Ellis: How old were you when you were taken to convalesce with the head injury?
Jane: I think pre-primary so about 4-5
Ellis: And what made you think it was in Middle Swan?
Jane: Well the only way I could think that is because I've got the feeling there was vineyards around and I've got the feeling it was NE of Perth City, N.N.East, and the reason I had that feeling wasn't because I remember it, I mean I'm getting a vague memory of standing by a window and looking out but it was more that I think that it was from an astral level that I think that I was scanning the general area and that's why I couldn't say oh yeah it was definitely in Middle Swan. I don't know why I am using the word MIDDLE Swan I don't even know where Middle Swan is.
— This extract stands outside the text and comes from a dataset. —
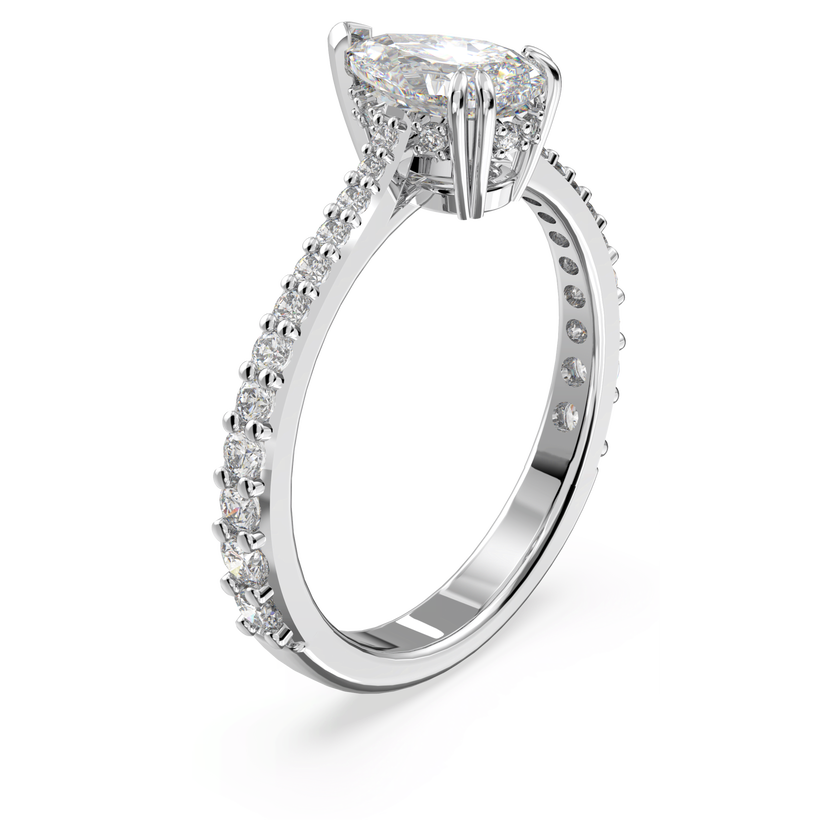 swarovski stilla cocktail ring  pear cut  pav   white  rhodium plated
Ellis: Do you know what time of year it was?
Jane: It's not raining, it's not wet. Autumn is what's coming to me, sort of dry and more golden, I don't know really about vineyards but like when the leaves are more yellowy, yellowy-golden. Everything's just a guess, you know, I don't know for sure about these things.
Ellis: So you also mentioned about when you went for a violin examination. Where was that?
Jane: Oh yes that was a sound proof little small little room, you know where the university is, the UWA (University of Western Australia) they have in some streets near there, they have a sort of an annexe/building I don't know if it's joined with the University or not but its called the Australian Musical Examination Board and they used to use those rooms to do the exams but actually I don't know why I think this? But suddenly I am thinking that the violin teacher, who's examining me, he used to be the head of the WASO, the leader of the WASO. Him and another musician they've got a bad vibe about them so it could have been a combination of who was examining me as well that made me feel afraid. The energy of the man as well as the padded, sound-proofed entrance.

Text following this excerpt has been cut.